● EXERCISE
Output, exactly and with no pictures, the line that contains "Load image into" and every line that comes after it in the data below, the last one included.

Source records:
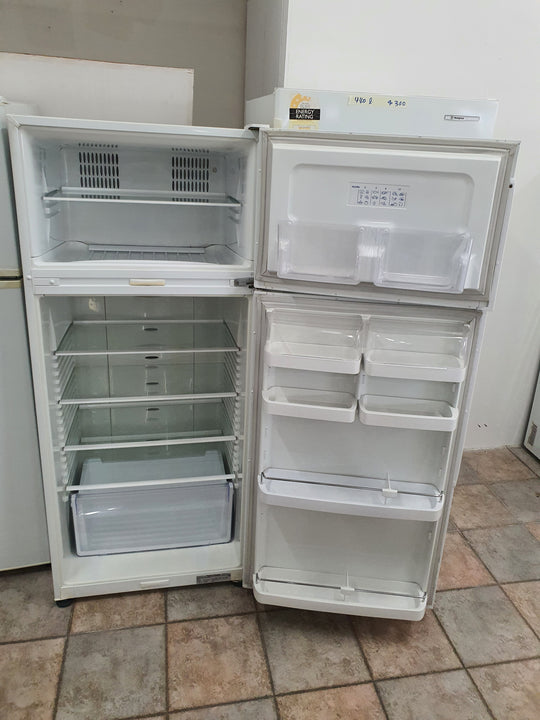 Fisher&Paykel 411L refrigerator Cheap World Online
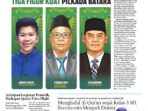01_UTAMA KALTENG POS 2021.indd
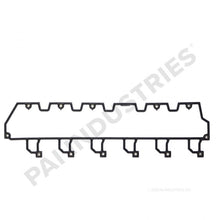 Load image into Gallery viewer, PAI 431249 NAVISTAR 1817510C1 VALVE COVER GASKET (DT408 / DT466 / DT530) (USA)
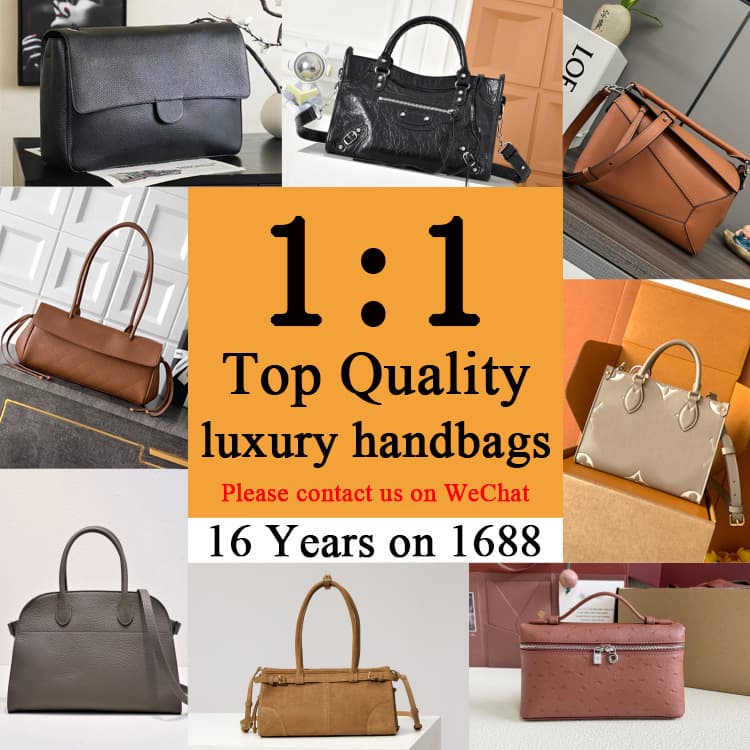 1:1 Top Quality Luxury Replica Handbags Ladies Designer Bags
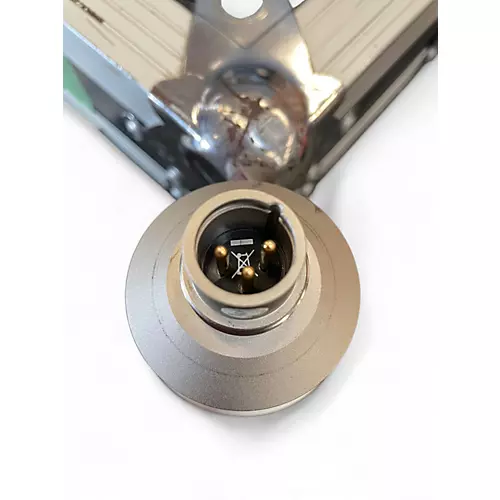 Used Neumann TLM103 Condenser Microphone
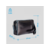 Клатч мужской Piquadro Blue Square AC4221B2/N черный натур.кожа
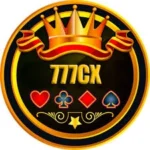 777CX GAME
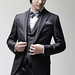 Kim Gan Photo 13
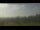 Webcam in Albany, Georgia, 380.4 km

● SOLVED EXERCISE
 Load image into Gallery viewer, PAI 431249 NAVISTAR 1817510C1 VALVE COVER GASKET (DT408 / DT466 / DT530) (USA)
 1:1 Top Quality Luxury Replica Handbags Ladies Designer Bags
 Used Neumann TLM103 Condenser Microphone
 Клатч мужской Piquadro Blue Square AC4221B2/N черный натур.кожа
 777CX GAME
 Kim Gan Photo 13
 Webcam in Albany, Georgia, 380.4 km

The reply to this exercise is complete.